The Lodi Common Council approved the sale of three parcels of land from Grothman Holdings LLC to Ben and Debbie Larrabee, as recommended by the Finance and Human Resources Committee. The decision came at the Council’s April 20 meeting.
Grothman entered an agreement with the city on Aug. 27, 2018 to make loan payments on the property until a new developer was found.
The Larrabee’s will pay off the remainder of the initial $446,577.47 loan, which will last until 2033. They will pay $38,774.12 — which includes 3.5% interest — from 2022-2032. The final payment in 2033 will be for $37,462.92. It was proven that the Larrabee’s have the financials to make the next payment, as well as the subsequent payments.
The land in question is near the three of the schools in the district on Sauk Street — around the intersection of Ridgestone and Sunset Drives.
“I think the Larrabee’s will be good stewards for the community,” Alder Eric Hansen said.
The Larrabee’s own three local company’s — S&L Underground, Inc., Meade Concrete Co. LLC (formerly Meade Construction Co.) and Larrabee Trucking LLC.
“We could not have picked better people,” James Grothman said.
At that time of the meeting, it was not specified what the Larrabee’s intend to do with the land.
The Council also approved a resolution that supports a strong state and local partnership in regards to shared revenue.
Mayor Ann Groves Lloyd said the Wisconsin league municipalities have shared information and have encouraged state representatives to increase the shared revenue, which Groves Lloyd said has been on the decline for the past 20 years. It has shifted things and changed the property taxes, which has been a “huge burden.”
Property taxes account for more than twice as much municipal revenue as state aid, compared to 1975-1997 when state aid provided a larger share of municipal revenues across the state than property taxes.
Groves Lloyd assured the Council that Representatives John Plumer and Joan Ballweg will see that Lodi is in favor of this action.
In other news, Director of Public Works Terry Weter was given approval by the Council to apply for a DNR grant which would go toward improving the pedestrian bridge adjacent to City Hall.
The DNR would not notify the city of its decision until early fall, or possibly early 2022. Groves Lloyd said the DNR would decide which specific grant is the most appropriate for the project.
Alder Peter Tonn asked Weter if he took into account trying to replace the pedestrian bridge and subsequent walkway.

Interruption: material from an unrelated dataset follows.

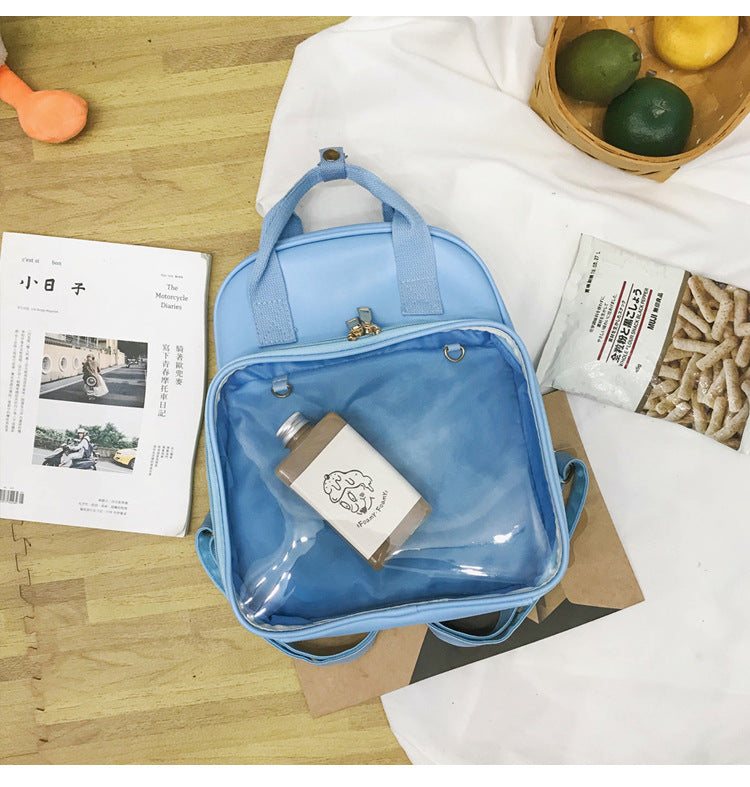 Wholesale PVC Candy Color Transparent Messenger Bag Backpack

Weter said a project that involves both at the same time would cost roughly $546,000. He said it was best to separate the two projects, giving the city two chances at being awarded grants — one for the bridge and the other for the walkway.
Alder Nick Strasser was hesitant to give Weter approval, as he wasn’t sure if there was a better way for the city to spend money. Groves Lloyd said that this project wasn’t an “either/or” thing and that the Council will have to make some tough decisions in the future. She added that the city could always refuse the grant, if awarded, if the Council was not wanting the project to move forward at that time.
Alder Stevenson had a concern with the wording of the resolution, stating that it sounds like the city currently had the money for the project, which is not the case. Groves Lloyd said that it’s an item for next year and the plan is to have money set aside for the project within the 2022 budget.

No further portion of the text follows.